## [Required work]
Transcribe the listing in full, word for word; pictures do not belong in the copy.

## [Supplied data]
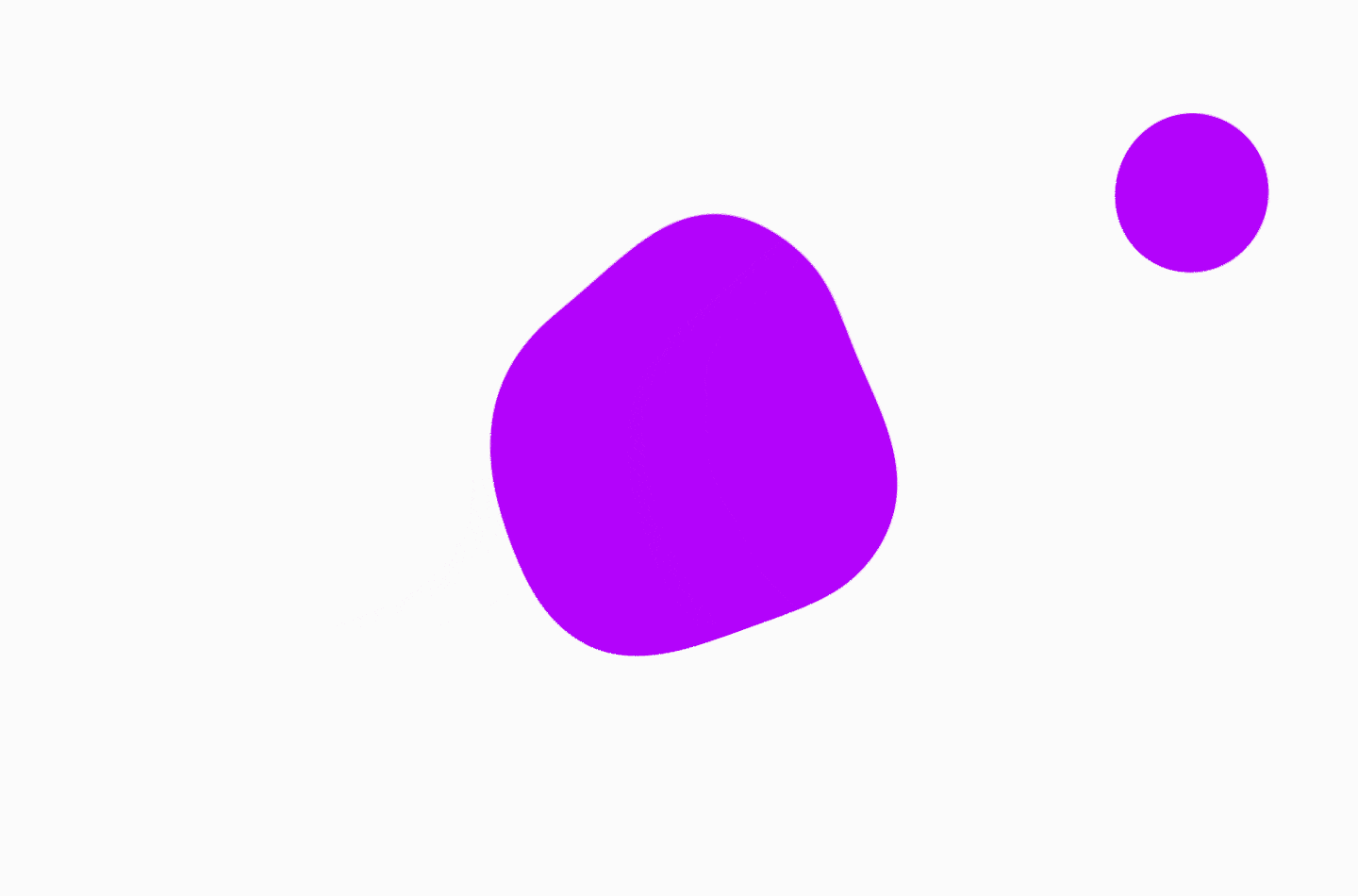 Glück GIF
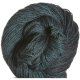 Jade Sapphire Silk/Cashmere 2-ply - 166 - Malachite Yarn photo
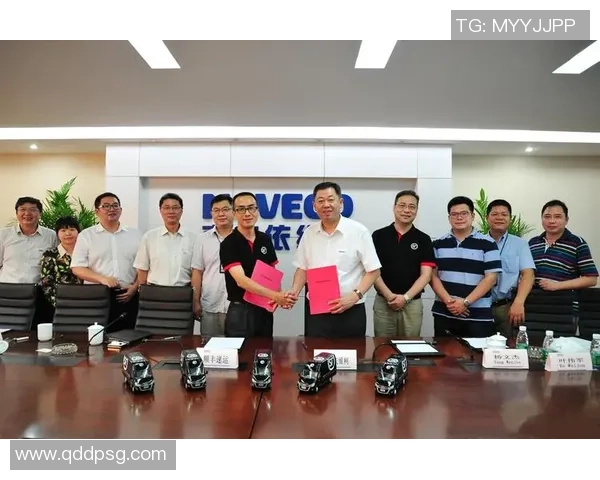 重磅专题：南京篮球队的阵地战革新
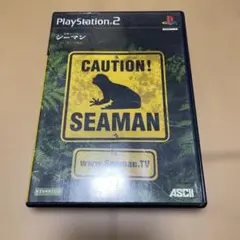 Item thumbnail for item af99c20c-44ed-44b0-83b4-35beb30676c0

## [Answer area]
 Glück GIF
 Jade Sapphire Silk/Cashmere 2-ply - 166 - Malachite Yarn photo
 重磅专题：南京篮球队的阵地战革新
 Item thumbnail for item af99c20c-44ed-44b0-83b4-35beb30676c0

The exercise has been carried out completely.